(Description of the task):
The data below should be restated word for word, with every picture omitted.

(Dataset extract):
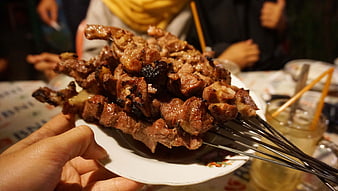 Hand holding plate of grilled meat skewers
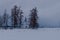 Small Chapel in winter landscape.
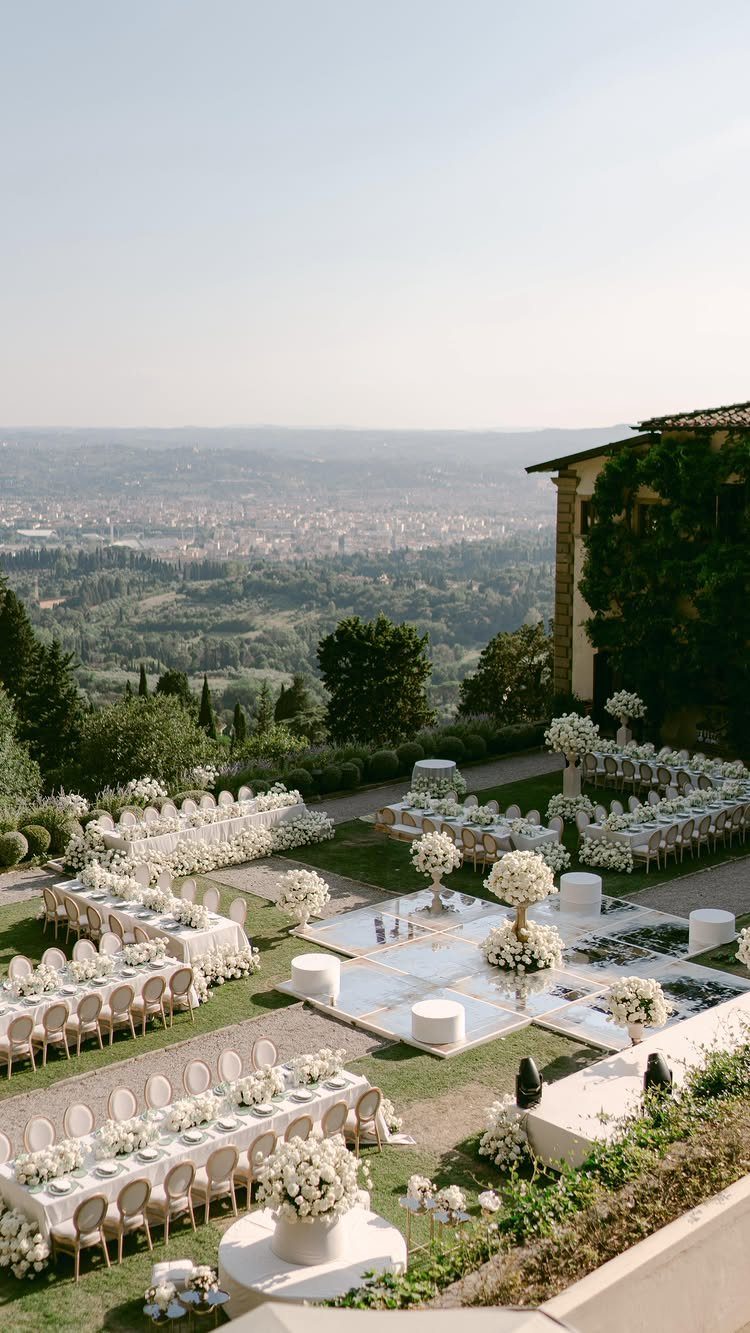 Dream Wedding Venue Ideas: 11 Places to Say I Do 6 Outdoor wedding reception with white tables and flowers overlooking a scenic city valley.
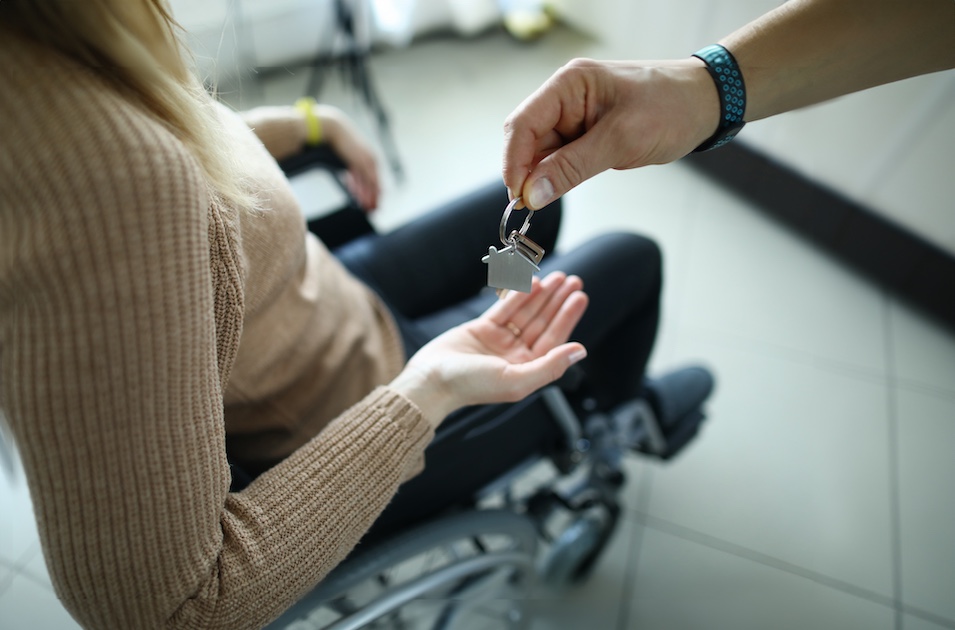 zoomed out image of a house key handoff to a woman sitting in a wheelchair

(Problem solution):
 Hand holding plate of grilled meat skewers
 Small Chapel in winter landscape.
 Dream Wedding Venue Ideas: 11 Places to Say I Do 6 Outdoor wedding reception with white tables and flowers overlooking a scenic city valley.
 zoomed out image of a house key handoff to a woman sitting in a wheelchair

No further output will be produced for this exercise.